In many cases, defining a replacer function and calling it in a loop is very readable. It's very useful if values need to be replaced using some rule. For example, to replace values depending on whether it's divisible by 15, 3 or 5, one can define a function that checks conditions and returns an appropriate value.

def fizzbuzz(num):
    if num % 15 == 0:
        return 'FizzBuzz'
    elif num % 3 == 0:
        return 'Fizz'
    elif num % 5 == 0:
        return 'Buzz'
    else:
        return num

a = [1, 2, 3, 4, 5, 10, 15, 1]
a[:] = (fizzbuzz(n) for n in a)
# or 
a[:] = map(fizzbuzz, a)
a # [1, 2, 'Fizz', 4, 1, 'Buzz', 'Fizz', 2, 'Fizz', 1, 1]

One thing to note is that (at least as of python 3.10) if a function needs to be called on every element in a list, then map() is faster than a comprehension.¹

This difference is even more pronounced for built-in methods such as dict.get().² So @roipoussiere's solution can be made twice as fast by simply mapping it like the following.

a = [1, 2, 3, 4, 1, 5, 3, 2, 6, 1, 1]
replacer = {1:10, 2:20, 3:'foo'}.get
a[:] = map(replacer, a, a)        # in-place replacement
a1 = [*map(replacer, a, a)]       # new list

---

¹ map() is ~20% faster than calling a function in a list comprehension in the example below.

a = [1, 2, 3, 4, 1, 5, 3, 2, 6, 1, 1]*10000
%timeit [fizzbuzz(n) for n in a]
# 15.1 ms ± 443 µs per loop (mean ± std. dev. of 7 runs, 1,000 loops each)

%timeit list(map(fizzbuzz, a))
# 12.7 ms ± 27.4 µs per loop (mean ± std. dev. of 7 runs, 1,000 loops each)

² When replacing values using dict.get(), mapping it is ~2 times faster than calling it in a list comprehension.

a = [1, 2, 3, 4, 1, 5, 3, 2, 6, 1, 1]*10000
replacer = {1:10, 2:20, 3:'foo'}.get

%timeit [replacer(n,n) for n in a]
# 4.64 ms ± 195 µs per loop (mean ± std. dev. of 7 runs, 1,000 loops each)

%timeit list(map(replacer, a, a))
# 2.21 ms ± 13.3 µs per loop (mean ± std. dev. of 7 runs, 1,000 loops each)

Answer 2

On long lists and rare occurrences its about 3x faster using list.index() - compared to single step iteration methods presented in the other answers.

def list_replace(lst, old=1, new=10):
    """replace list elements (inplace)"""
    i = -1
    try:
        while True:
            i = lst.index(old, i + 1)
            lst[i] = new
    except ValueError:
        pass

Answer 3

You can use the built-in enumerate to get both index and value while iterating the list.
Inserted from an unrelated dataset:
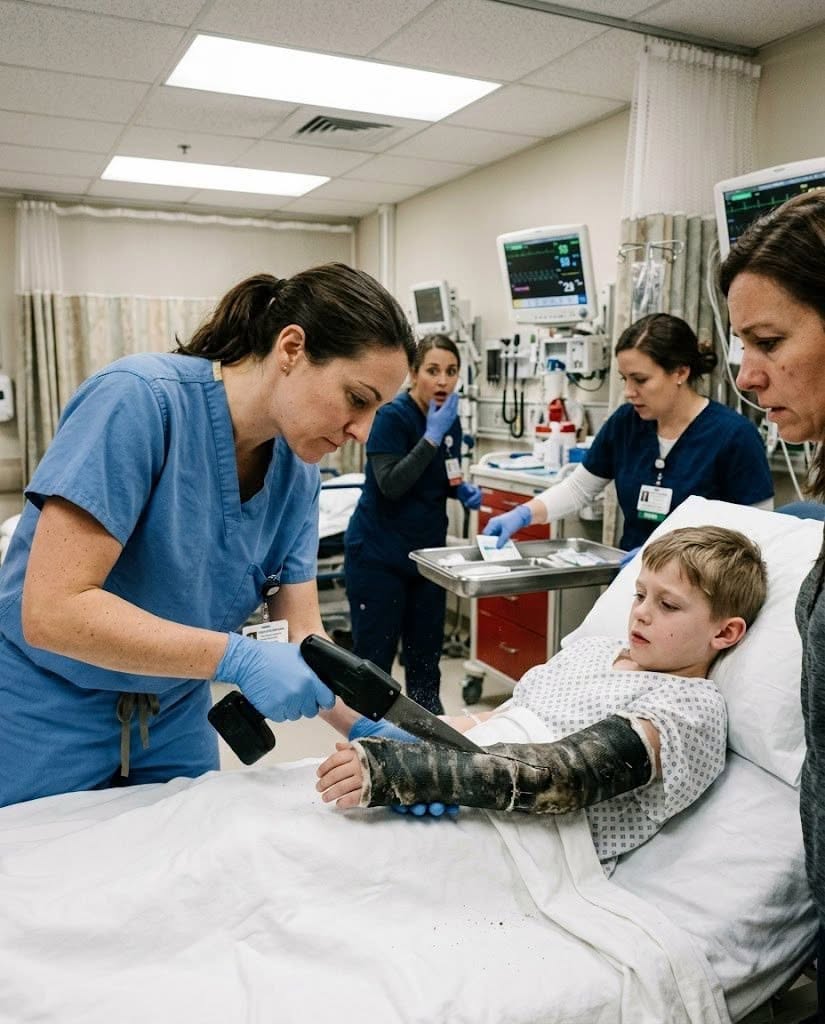 2The rotting smell in Trauma Room 2 was unbearable, but when I finally cut off the 8-year-old boy's filthy, neglected cast, what fell out onto the sterile floor made every seasoned ER nurse scream and step back in pure horror.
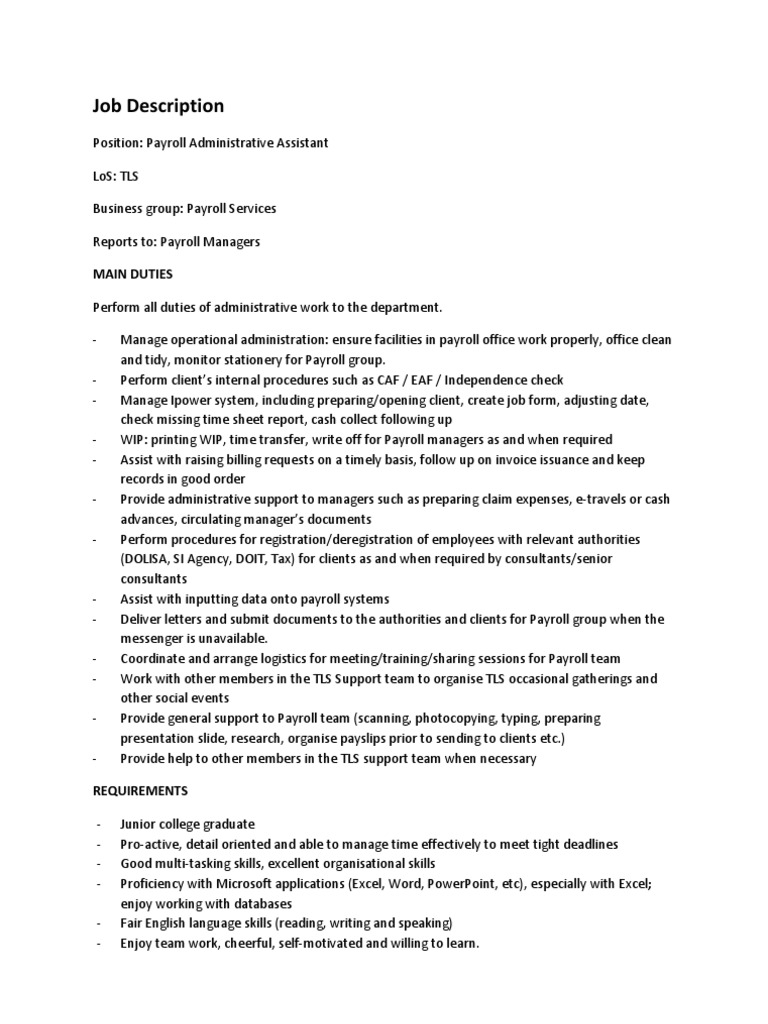 Payroll Administrative Assistant Role | PDF | Career & Growth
Then, use the value to test for a condition and the index to replace that value in the original list:

>>> a = [1, 2, 3, 4, 5, 1, 2, 3, 4, 5, 1]
>>> for i, n in enumerate(a):
...   if n == 1:
...      a[i] = 10
...
>>> a
[10, 2, 3, 4, 5, 10, 2, 3, 4, 5, 10]

Answer 4

I might be a dumb-dumb, but I would write a separate, simple function for this:

def convertElements( oldlist, convert_dict ):
  newlist = []
  for e in oldlist:
    if e in convert_dict:
      newlist.append(convert_dict[e])
    else:
      newlist.append(e)
  return newlist

And then call this as needed like so:

a = [1,2,3,4,5,1,2,3,4,5,1]
a_new = convertElements(a, {1: 10})
## OUTPUT: a_new=[10, 2, 3, 4, 5, 10, 2, 3, 4, 5, 10]

Answer 5

Try using a list comprehension and a conditional expression.

>>> a=[1,2,3,1,3,2,1,1]
>>> [4 if x==1 else x for x in a]
[4, 2, 3, 4, 3, 2, 4, 4]

Answer 6

If you have several values to replace, you can also use a dictionary:

a = [1, 2, 3, 4, 1, 5, 3, 2, 6, 1, 1]
replacements = {1:10, 2:20, 3:'foo'}
replacer = replacements.get  # For faster gets.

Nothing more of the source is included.